Infrastructure improvements and strategic investments into the economy will help bridge the skills and opportunity gaps. Some of the funding for workforce development programs include: $750,000 to fund the Indiana Career Council (HB 1002) and Indiana Workforce Intelligence longitudinal data system; $6 million for the governor’s Indiana Works Councils (Senate Bill 465); $36 million, twice as much funding as the previous budget, for the Skills Enhancement Fund, which trains and educates Hoosier workers; and $14 million to restore funding for Adult Basic education programs.
Even with the spending increases, fiscal integrity is at the very heart of the proposed budget. It will accelerate the elimination of the death tax to January 1, 2018 saving taxpayers $270 million. Currently, the death tax would not have been eliminated until January 1, 2022. Speeding up the elimination of the death tax will help keep more farms and small family businesses in the hands of Hoosiers as well as encourage more Hoosiers to stay in Indiana after retirement.
HB 1001 will allow for sustainable spending levels in the future and enables Indiana to live within its means. Assuming conservative revenue growth and budget appropriation growth rates, a structural balance will remain intact.

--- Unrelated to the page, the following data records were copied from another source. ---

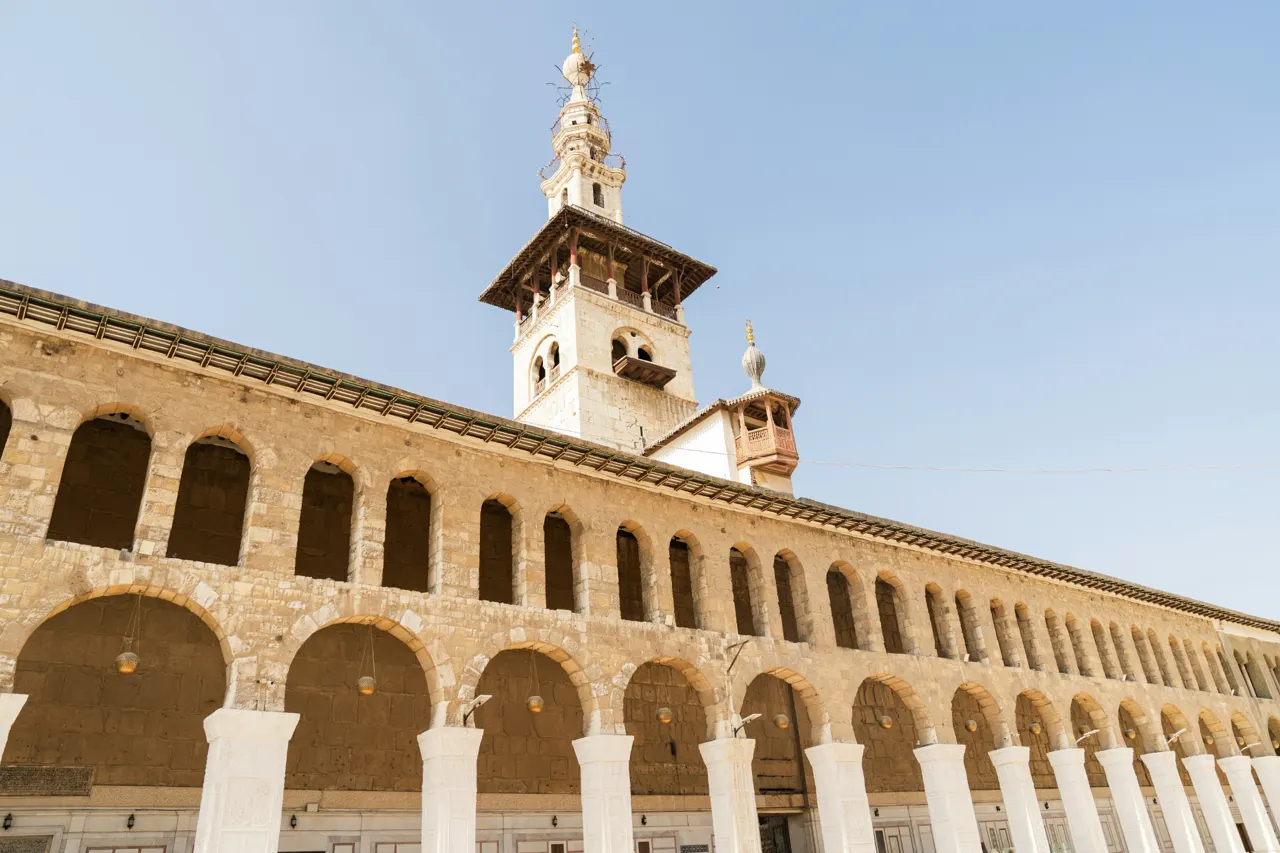 The Umayyad Mosque minaret rising above stone arched colonnades in Damascus, Syria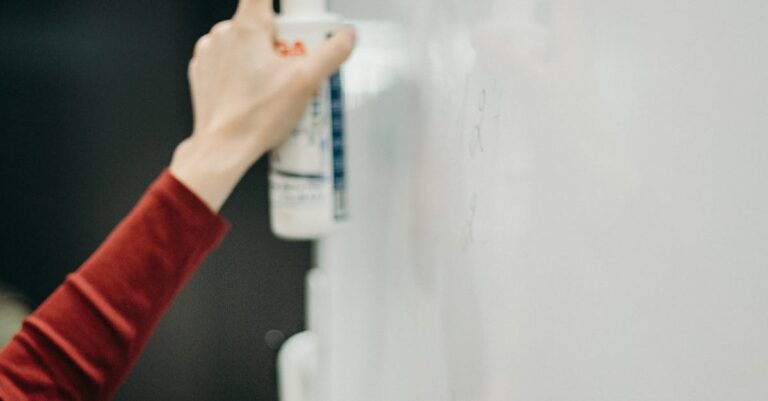 Close-up of hands cleaning a whiteboard with spray bottle in an office.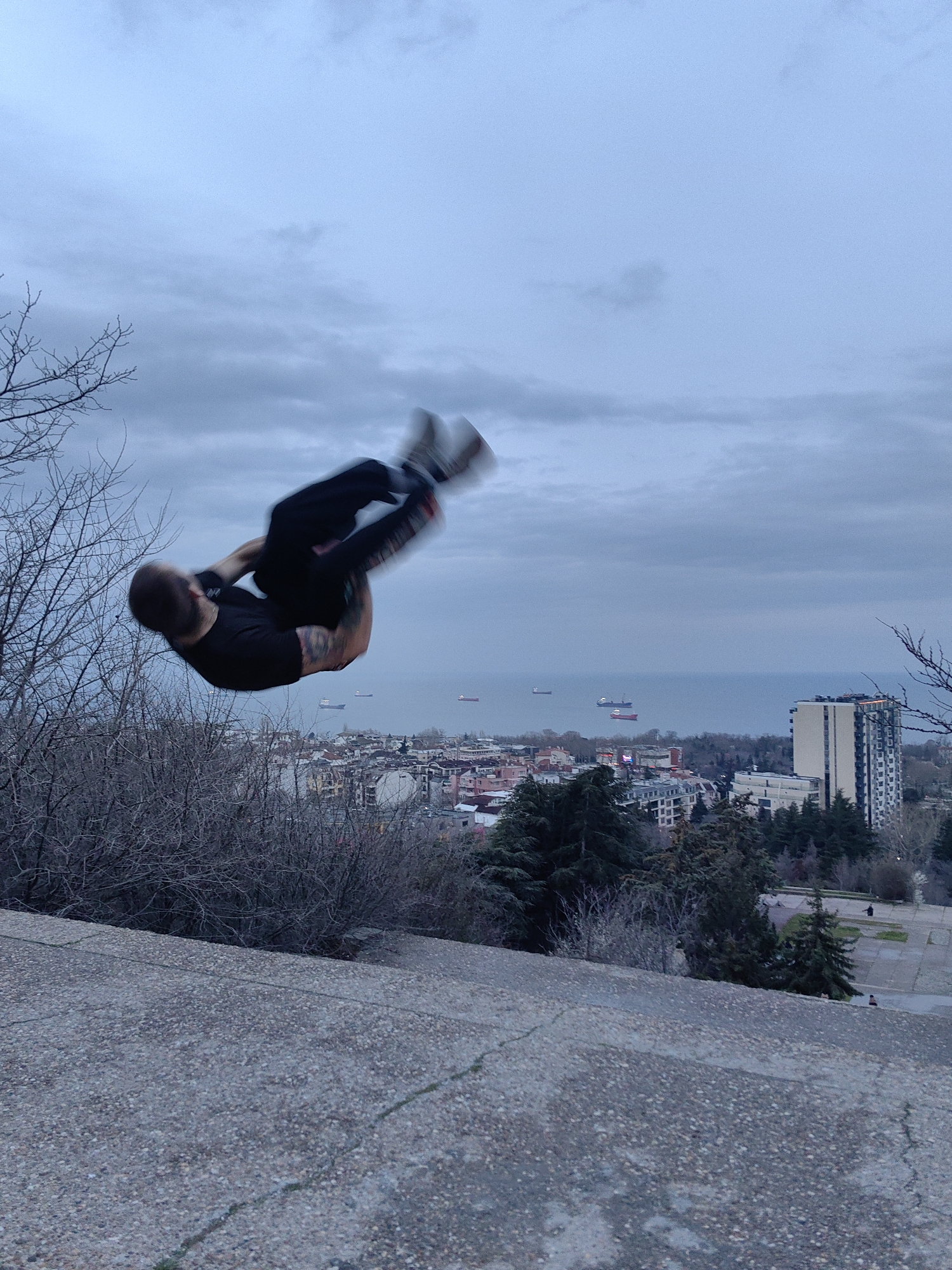 A blurred image captures a person performing a backflip in Varna, Bulgaria. The individual, dressed in a black shirt and dark pants, is mid-air with arms tucked and legs bent, suggesting rapid rotation.
The backdrop includes a cityscape with various buildings, some interspersed with green trees. A tall, pale building stands out. Further back, the sea is visible with several ships in the distance under a cloudy sky.
In the foreground, a gray concrete surface with a pebbled texture angles downward. To the left, skeletal tree branches protrude into the frame. The scene appears to be shot from an elevated position, likely a park or an area overlooking the city and the Black Sea.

“The House has led the effort on sustainable spending and responsible revenue management. This budget shows where our focus is, on education and jobs, and we have to look at the long term use of those funds so Indiana can continue to grow,” said Rep. Brown. “Indiana is open for business and Hoosiers are ready to work. Our focus is on growing the private sector and bridging the skills gap. We have a proven track record of being good fiscal stewards, and the House’s budget supports Hoosiers over the long run by giving them the tools they need to realize their American Dream.”